Reputation: 85
I have a Datatable with some data, example as below, and need to de-duplicate any names in the names field by appending [1], [2] etc.
Current code below, works but is slow on large tables. Any tips on the most efficient way of doing this in C# would be appreciated.
Current Table sample:
- ID Name X Y
- 1 John 45 66
- 2 Paul 44 66
- 3 George 88 102
- 4 John 33 90
- 5 John 53 37
- 6 Paul 97 65
- 7 Ringo 01 87
- 8 Ringo 76 65
Required Table sample:
- ID Name X Y
- 1 John[1] 45 66
- 2 Paul[1] 44 66
- 3 George 88 102
- 4 John[2] 33 90
- 5 John[3] 53 37
- 6 Paul[2] 97 65
- 7 Ringo[1] 01 87
- 8 Ringo[2] 76 65
Current code below:
foreach (DataRow aRow in ds.Tables[0].Rows) // run through all
{
string aName = aRow["Name"].ToString();
DataRow[] FoundRows = ds.Tables[0].Select("Name = '" + aName +"'"); // Find all rows with same name
if (FoundRows.Length > 1) // As will always find itself
{
int i = 1;
foreach (DataRow row in FoundRows)
{
row["Name"] = row["Name"].ToString() + "[" + i + "]";
i++;
}
ds.Tables[0].AcceptChanges(); // Ensure the rows are updated before looping around.
}
}
Upvotes: 0
Views: 65
Reputation: 9650
Probably old good for
loop updating the whole table in one pass will be the fastest approach:
var foundNames = new Dictionary<string, int>();
for (int rowInd = 0; rowInd < dataTable.Rows.Count; rowInd++)
{
// If name is not yet found in foundNames, then store its row
// index. Don't update the dataTable yet -- this is the only
// occurrence so far.
// The index is stored inverted to distinguish from count.
//
// If name is found in foundNames, retrieve the count.
// If count is inverted (non-positive), then we've encountered
// the name second time. In this case update the row with the
// first occurrence and the current row too. Store the count of 2.
//
// If count is positive, then it's third or even later occurrence.
// Update the current row only and store the incremented count.
var name = dataTable.Rows[rowInd]["Name"].ToString();
int count;
if (!foundNames.TryGetValue(name, out count))

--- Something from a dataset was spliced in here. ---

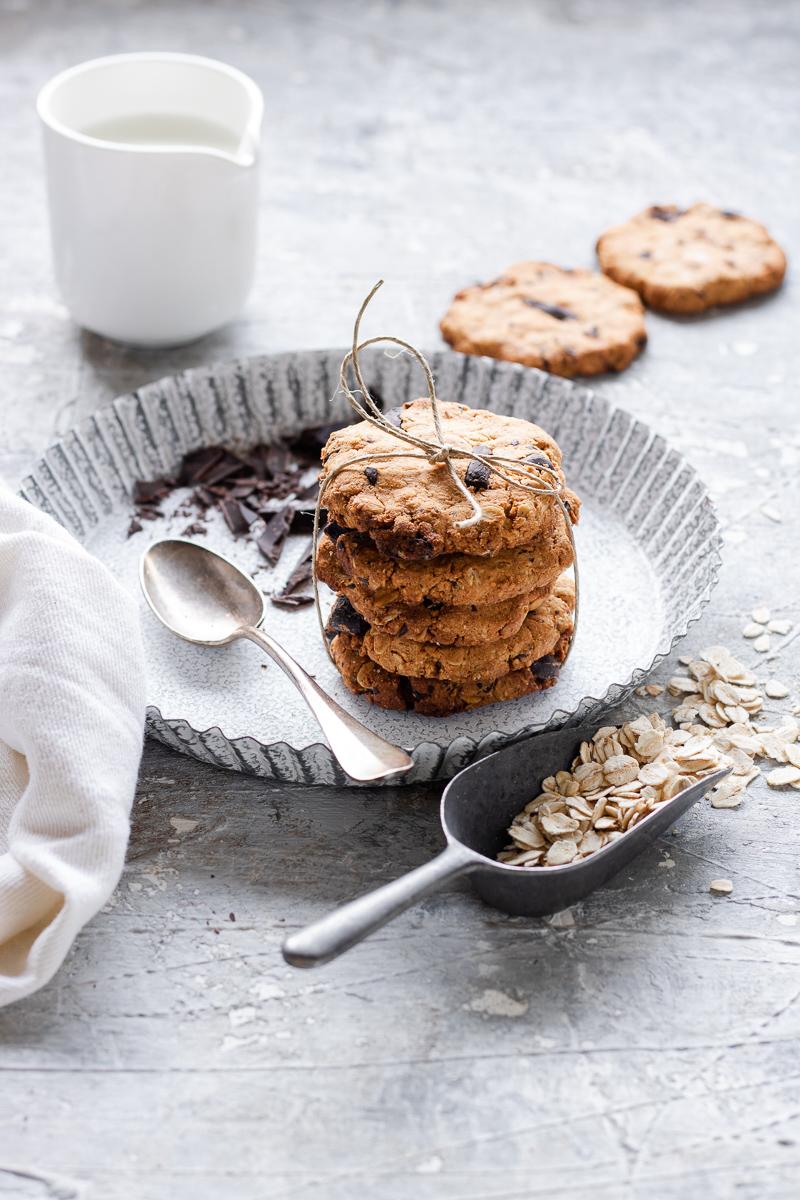 Pila di biscotti all'avena e cioccolato in un vassoio bianco con accanto cioccolato e latte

foundNames.Add(name, -rowInd);
else
{
if (count <= 0)
{
dataTable.Rows[-count]["Name"] = name + "[1]";
count = 1;
}
count++;
dataTable.Rows[rowInd]["Name"] = name + "[" + count + "]";
foundNames[name] = count;
}
}
Upvotes: 0
Reputation: 7115
Here is one approach
DataTable table = new DataTable();
//test data
table.Columns.Add("Name");
table.Columns.Add("X", typeof(int));
table.Rows.Add(new object[] { "john", 10 });
table.Rows.Add(new object[] { "paul", 44 });
table.Rows.Add(new object[] { "ringo", 312 });
table.Rows.Add(new object[] { "george", 30 });
table.Rows.Add(new object[] { "john", 100 });
table.Rows.Add(new object[] { "paul", 443 });
//converting DataTable to enumerable collection of rows and then grouping by name,
//skipping groups with only one row(such as george or ringo)
var groupedData = table.AsEnumerable().GroupBy(row => row[0].ToString()).Where(g => g.Count() > 1);
//iterate through each group of <string, DataRow>
foreach (var group in groupedData)
{
int counter = 1; //counter for "[x]" suffix
//iterate through all rows under one name, eg. John
foreach (var groupedItem in group)
{
//add [x]
groupedItem[0] = string.Format("{0} [{1}]", group.Key, counter);
counter++;
}
}
EDIT: simplified code and made it a bit more efficient, as suggested by AdrianWragg
Upvotes: 1